## EXERCISE
Of the lines below, write out exactly those from the line with "乾港集團(tuán)8月員工生日會(huì) 乾港集團(tuán)8月員工生日會(huì)" through the line with "Carlos Vela festeja un gol con el LAFC", both included, and skip the rest.

*** RECORDS PROVIDED Section Begins ***

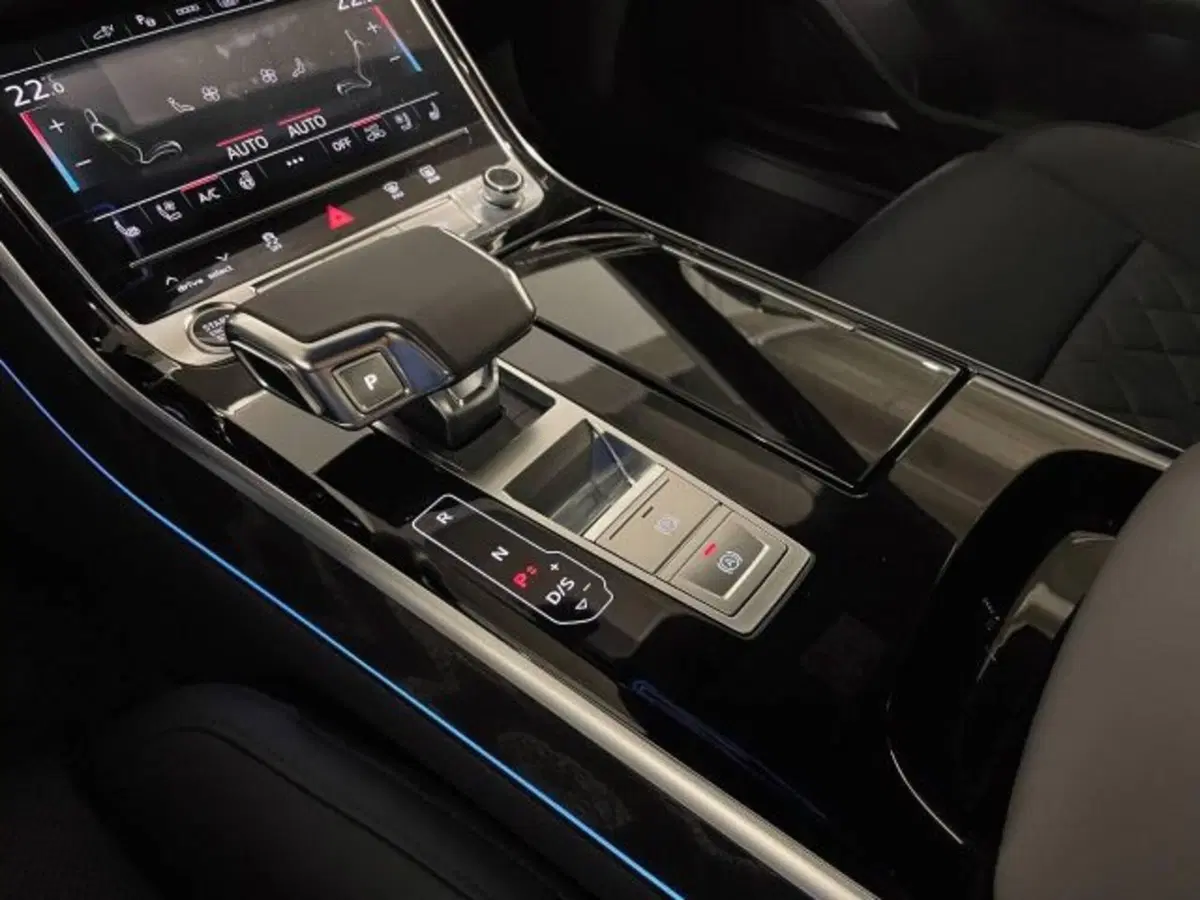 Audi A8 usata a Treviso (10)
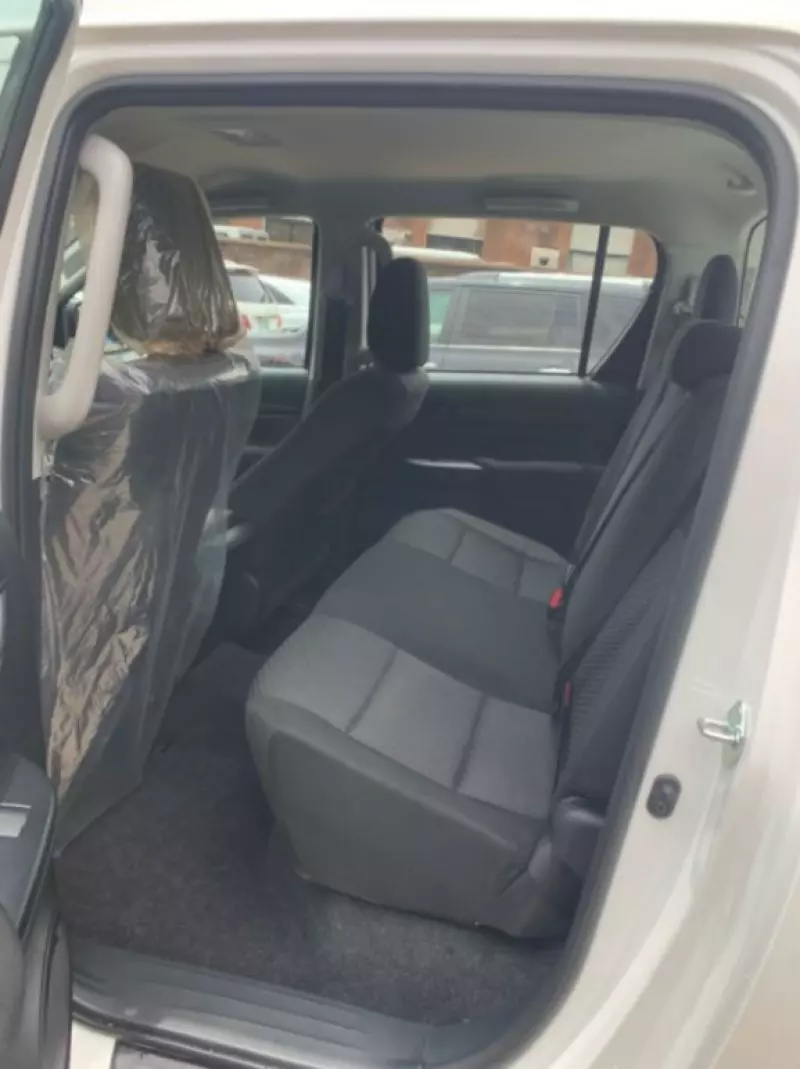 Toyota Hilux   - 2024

*** RECORDS PROVIDED Section Ends ***
*** RECORDS PROVIDED Section Begins ***

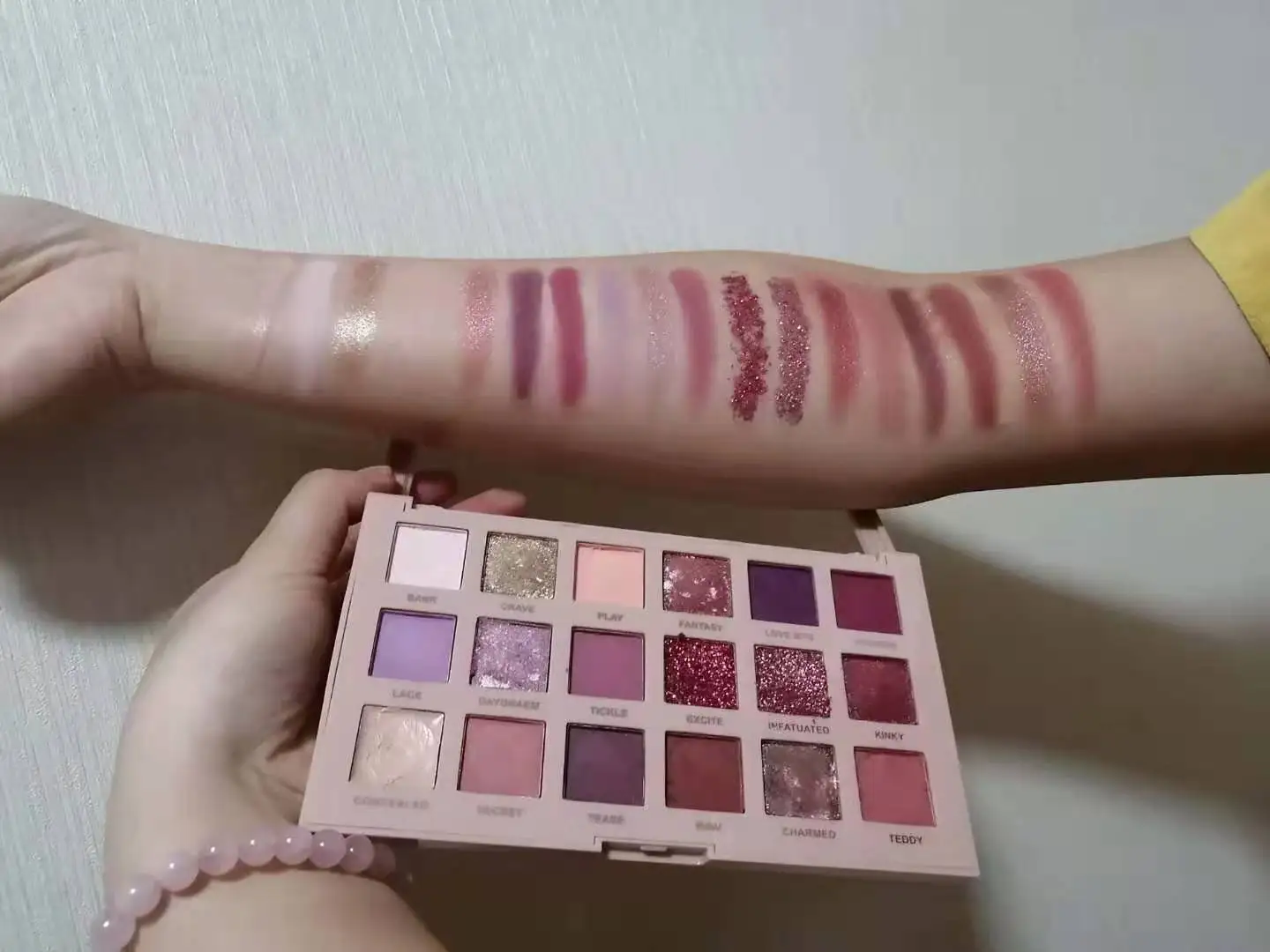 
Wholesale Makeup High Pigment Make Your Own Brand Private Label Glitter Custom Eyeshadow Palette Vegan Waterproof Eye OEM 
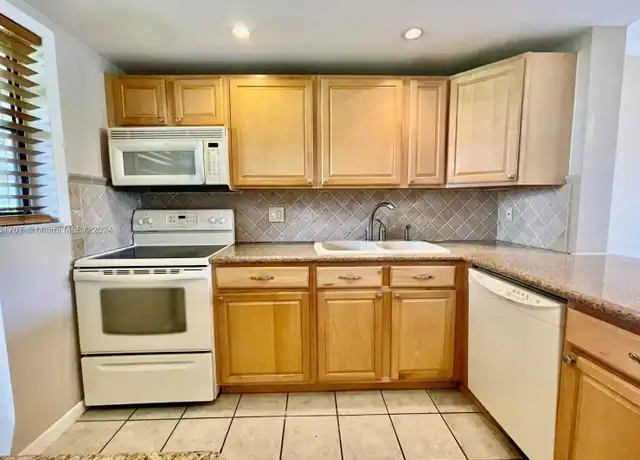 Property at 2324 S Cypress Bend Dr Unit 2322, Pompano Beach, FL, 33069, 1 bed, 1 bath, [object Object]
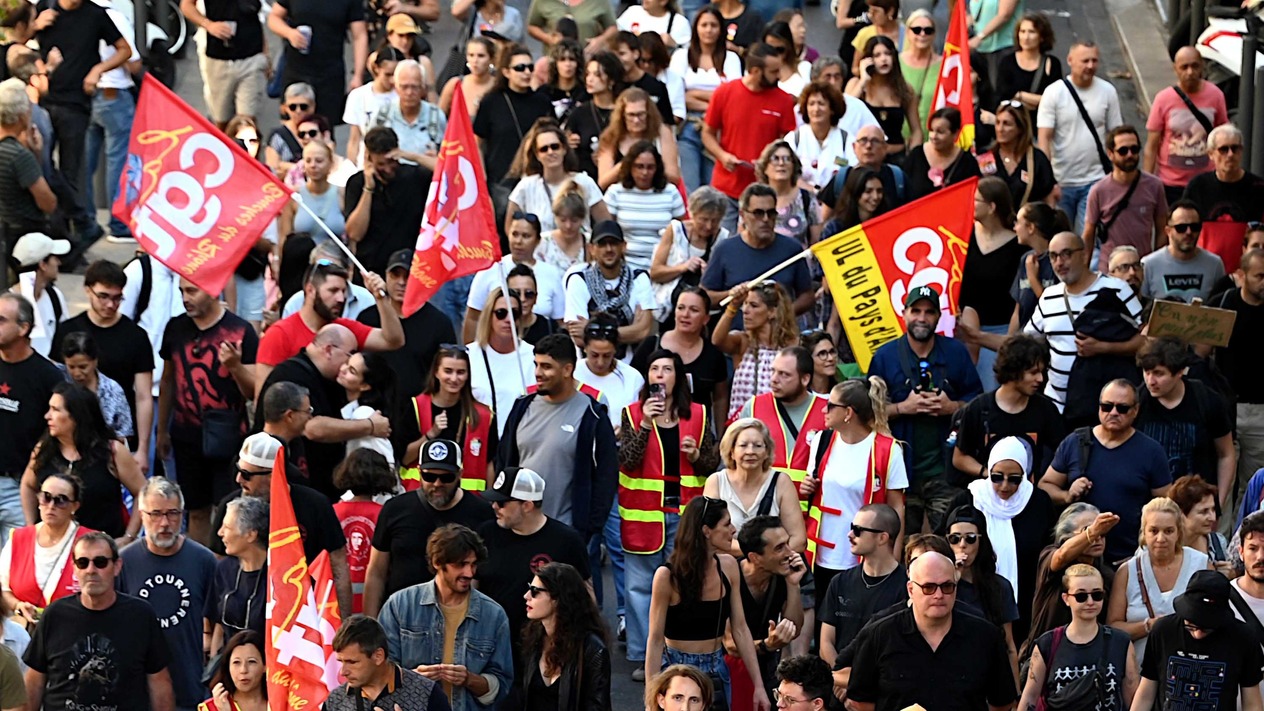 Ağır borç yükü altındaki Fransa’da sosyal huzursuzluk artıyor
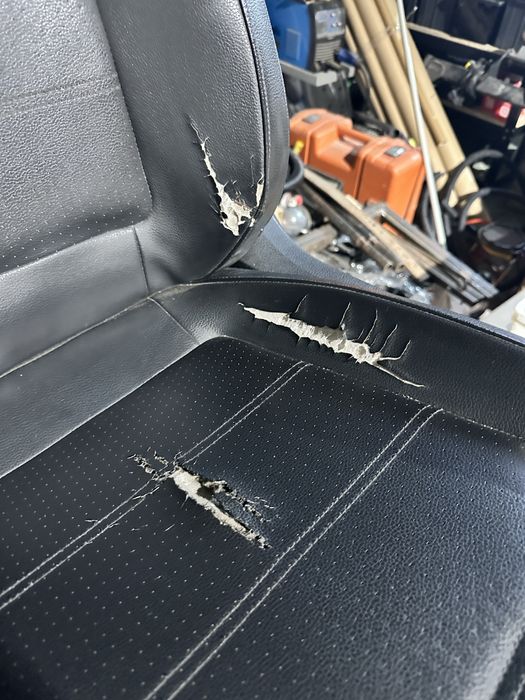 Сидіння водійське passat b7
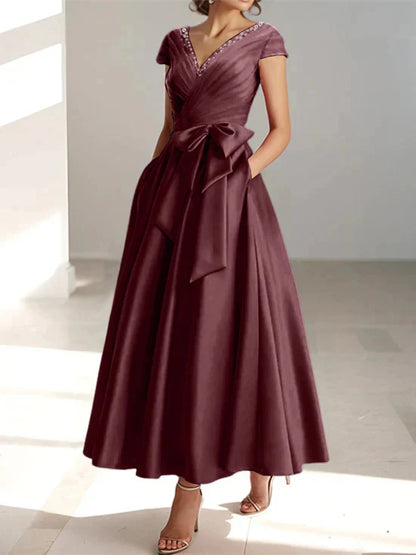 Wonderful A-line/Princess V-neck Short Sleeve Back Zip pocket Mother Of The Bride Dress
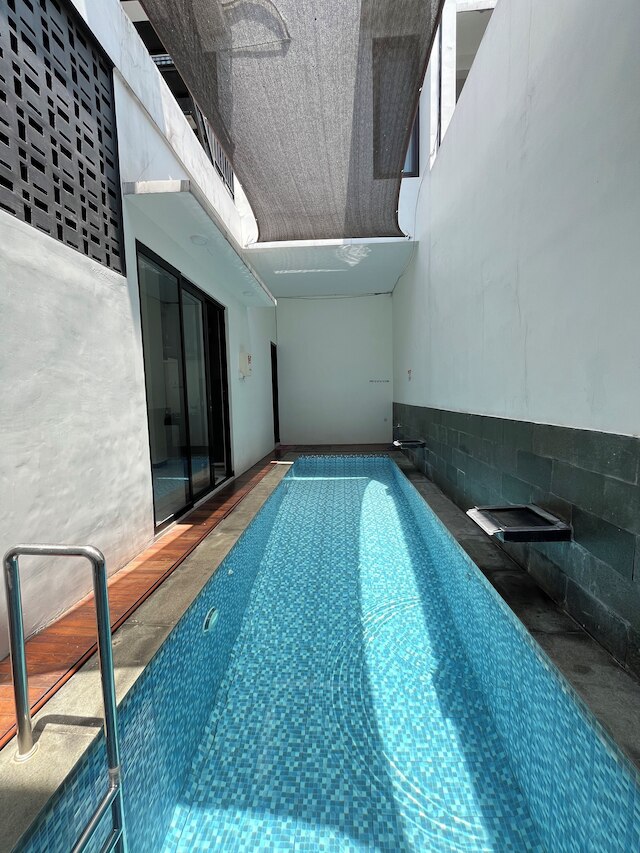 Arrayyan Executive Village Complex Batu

*** RECORDS PROVIDED Section Ends ***
*** RECORDS PROVIDED Section Begins ***

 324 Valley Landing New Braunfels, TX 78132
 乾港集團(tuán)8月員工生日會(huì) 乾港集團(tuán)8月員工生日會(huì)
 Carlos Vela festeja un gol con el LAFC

*** RECORDS PROVIDED Section Ends ***

## EXERCISE RESPONSE
 乾港集團(tuán)8月員工生日會(huì) 乾港集團(tuán)8月員工生日會(huì)
 Carlos Vela festeja un gol con el LAFC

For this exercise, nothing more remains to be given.